Die gebaute Architektur ist grundsätzlich politisch, da sie in direktem Kontakt zum öffentlichen Raum steht. Die politische Komponente ist auf etlichen Ebenen zu finden: Wer entscheidet? Wer besitzt? Wer nutzt? Wir Architekten haben dabei eine wichtige Rolle und sind oft auch Vermittler. In dem Sinne verstehen wir uns nicht als politisch aktiv, sondern sehen uns in einer architektonischen und gesellschaftlichen Verantwortung. Die Art dieser Verantwortung kann je nach Bauaufgabe und Massstab sehr unterschiedlich sein.

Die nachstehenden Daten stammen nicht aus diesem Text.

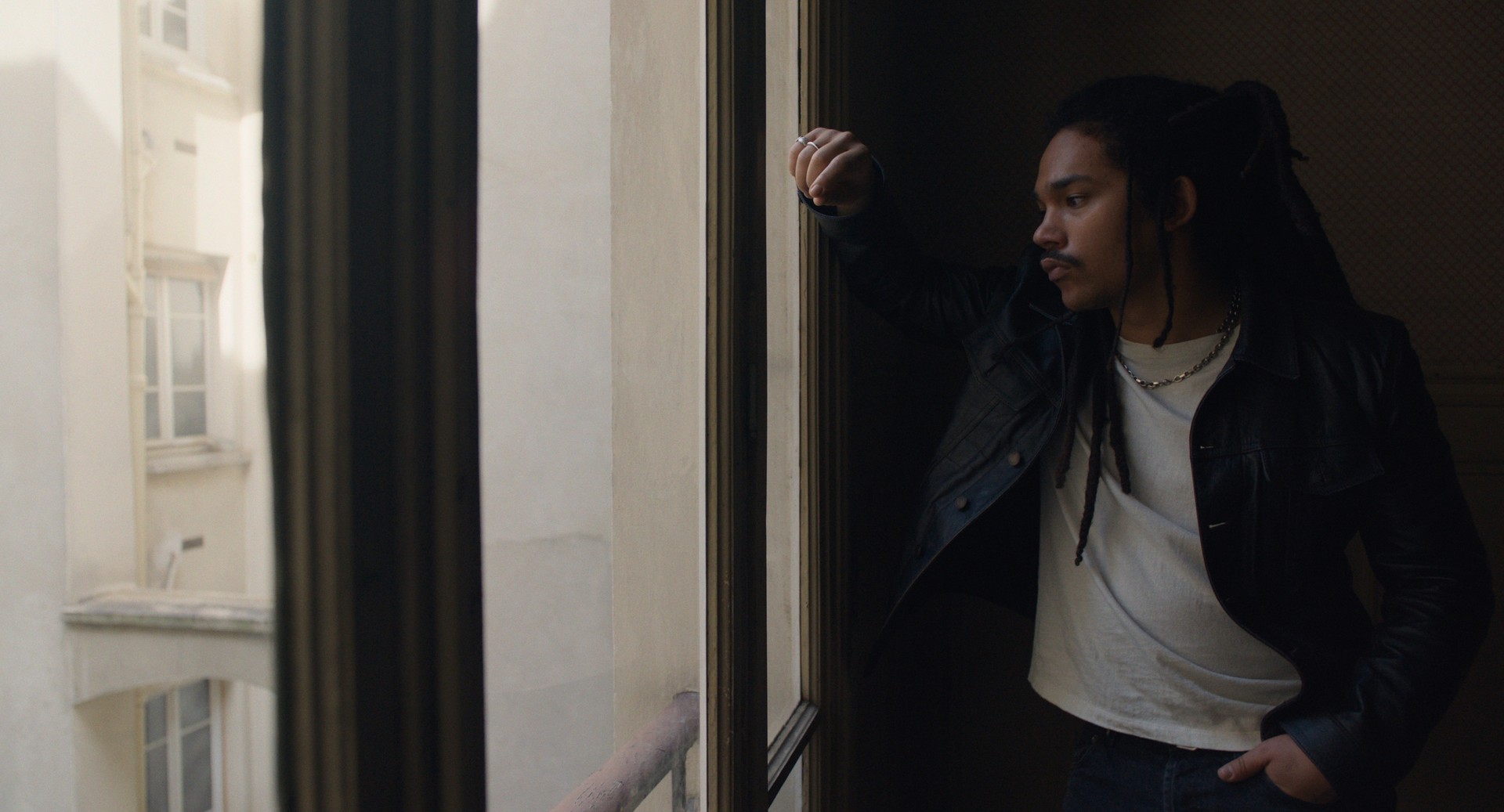 Bilder aus Father Mother Sister Brother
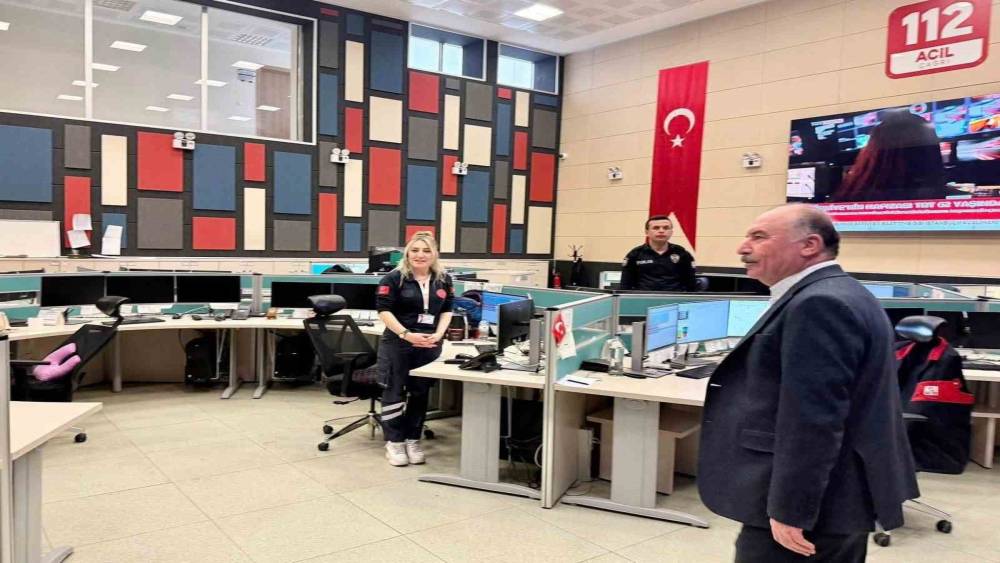 Vali &Ccedil;algan 1 Mayıs g&uuml;venlik tedbirlerini sahada denetledi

Wie entwickelt sich Basel im Moment?
Wir sind beide in Basel aufgewachsen und nach dem Studium gerne wieder hierher zurückgekehrt, um als Architekten aktiv die Stadt mitzugestalten. Die Architektur hat in Basel einen hohen Stellenwert und eine aktive Szene. Seit Generationen kennt die Stadt einen regen Diskurs und verwirklicht spannende Projekte. Interessant ist zudem die trinationale Region mit ihren grenzübergreifenden Projekten. Für die wenigen übriggebliebenen Entwicklungsgebiete der Stadt, wie auch die bestehende Stadtstruktur erhoffen wir uns, dass auch zukünftig innovative Projekte gefördert und umgesetzt werden.
Architektur Basel bedankt sich ganz herzlich bei Patrick Jaeger & Ariel Koechlin für das interessante Gespräch. Wir sind gespannt auf weitere Projekte und wünschen viel Erfolg!